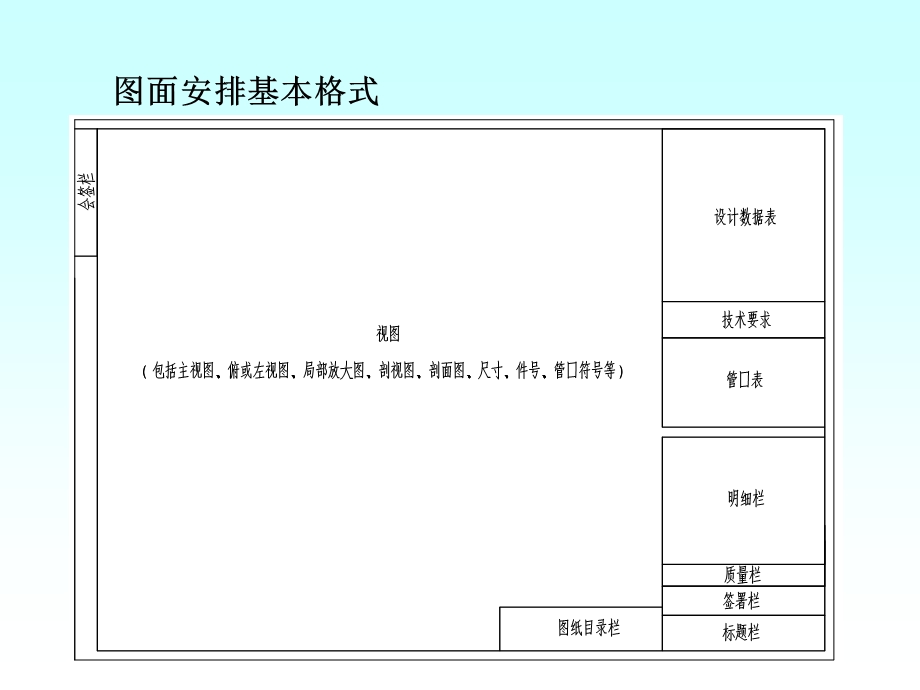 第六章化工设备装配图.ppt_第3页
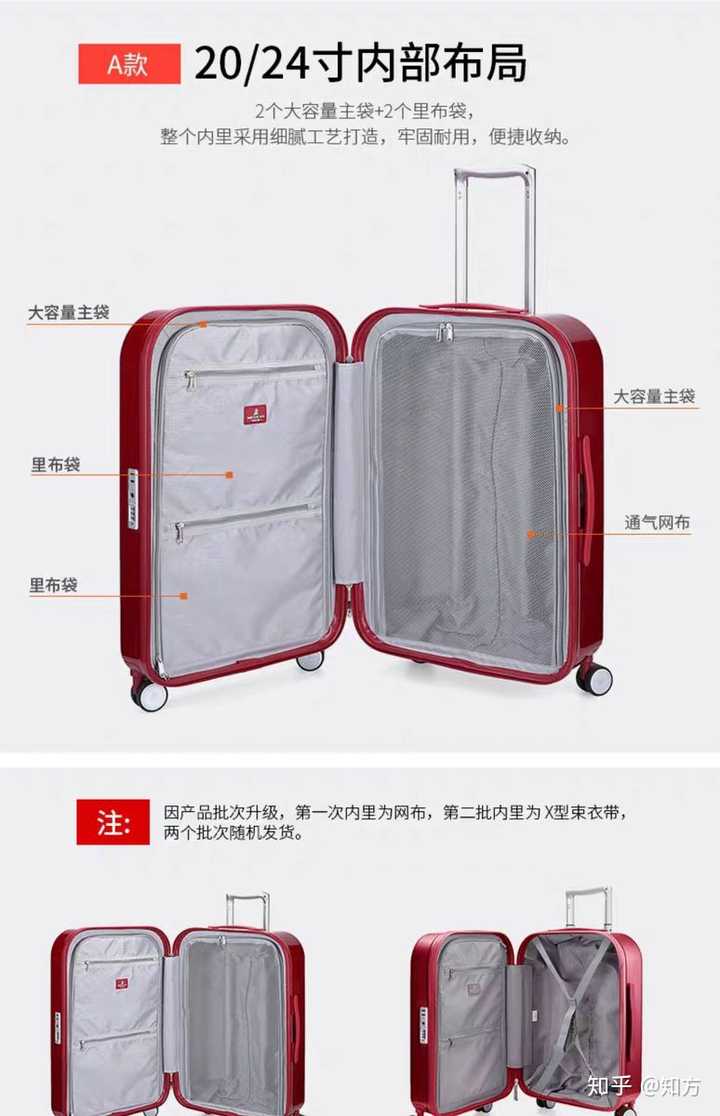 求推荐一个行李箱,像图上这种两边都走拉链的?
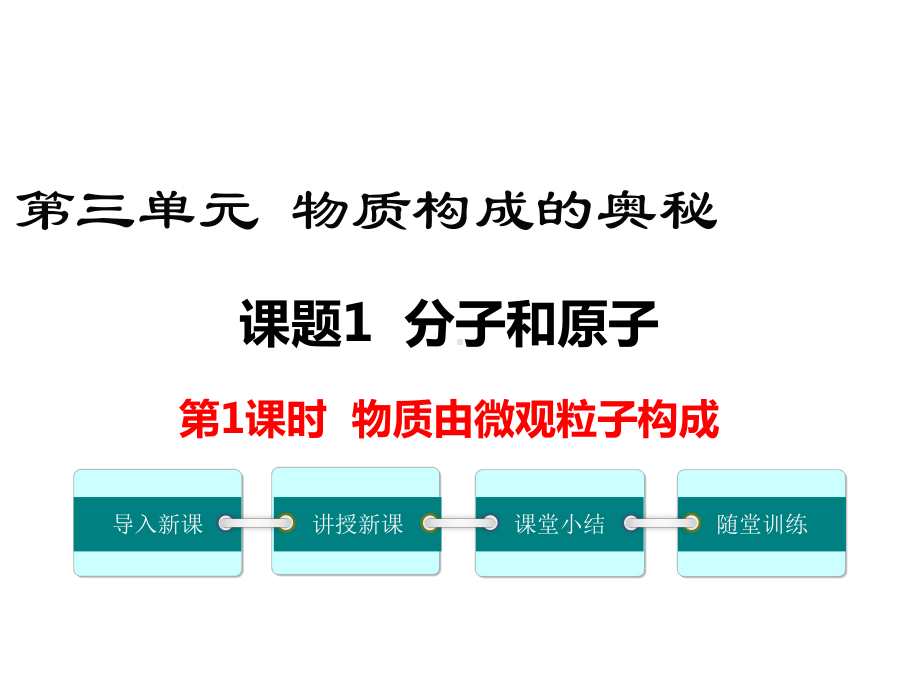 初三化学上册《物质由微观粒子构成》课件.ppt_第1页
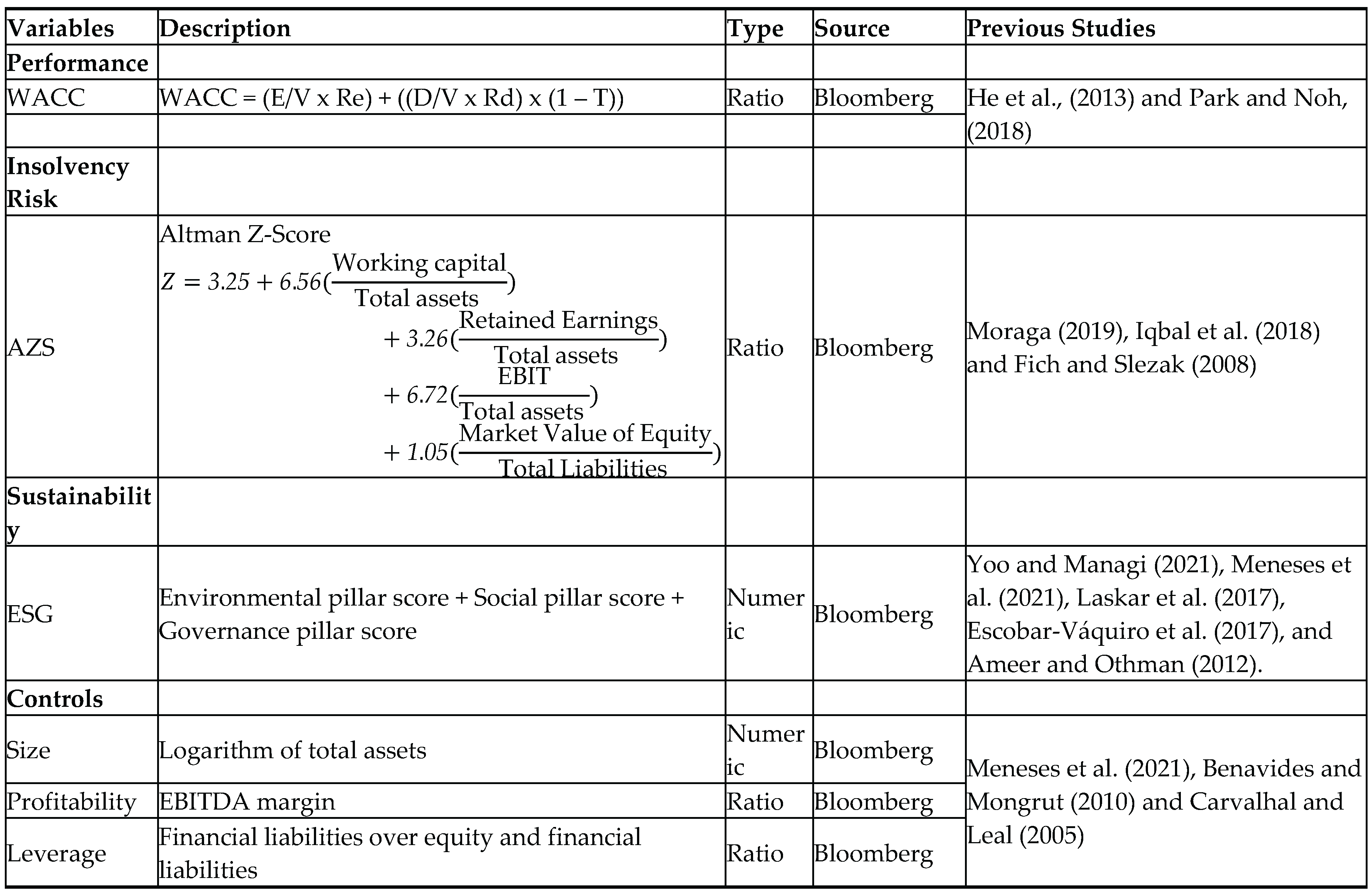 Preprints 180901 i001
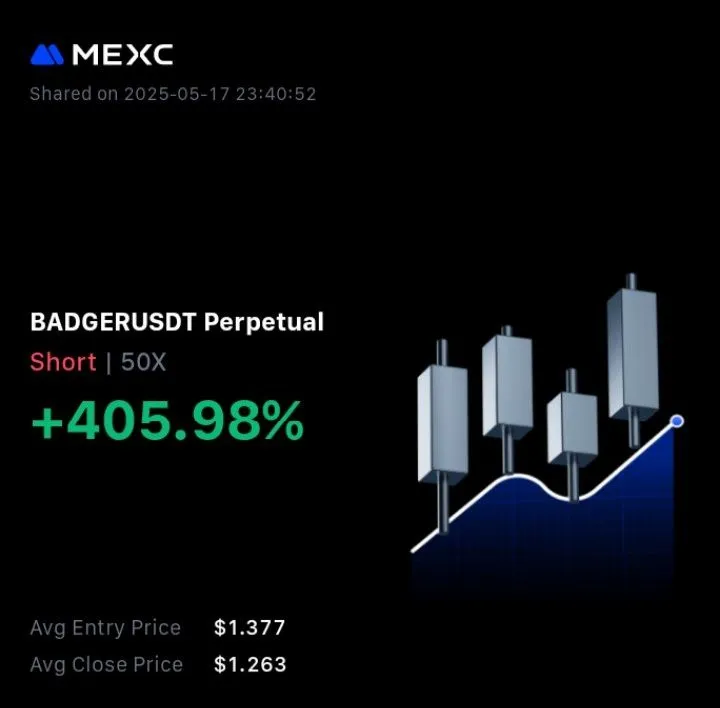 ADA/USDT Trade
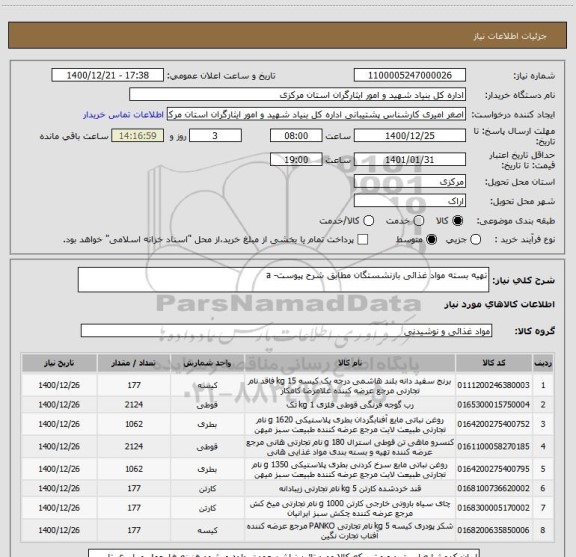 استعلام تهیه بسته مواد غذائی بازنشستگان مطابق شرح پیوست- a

Activity
Locate the line containing "初三化学上册《物质由微观粒子构成》课件.ppt_第1页" in the records above, then output it and every line after it through the last, excluding pictures.

Response area
 初三化学上册《物质由微观粒子构成》课件.ppt_第1页
 Preprints 180901 i001
 ADA/USDT Trade
 استعلام تهیه بسته مواد غذائی بازنشستگان مطابق شرح پیوست- a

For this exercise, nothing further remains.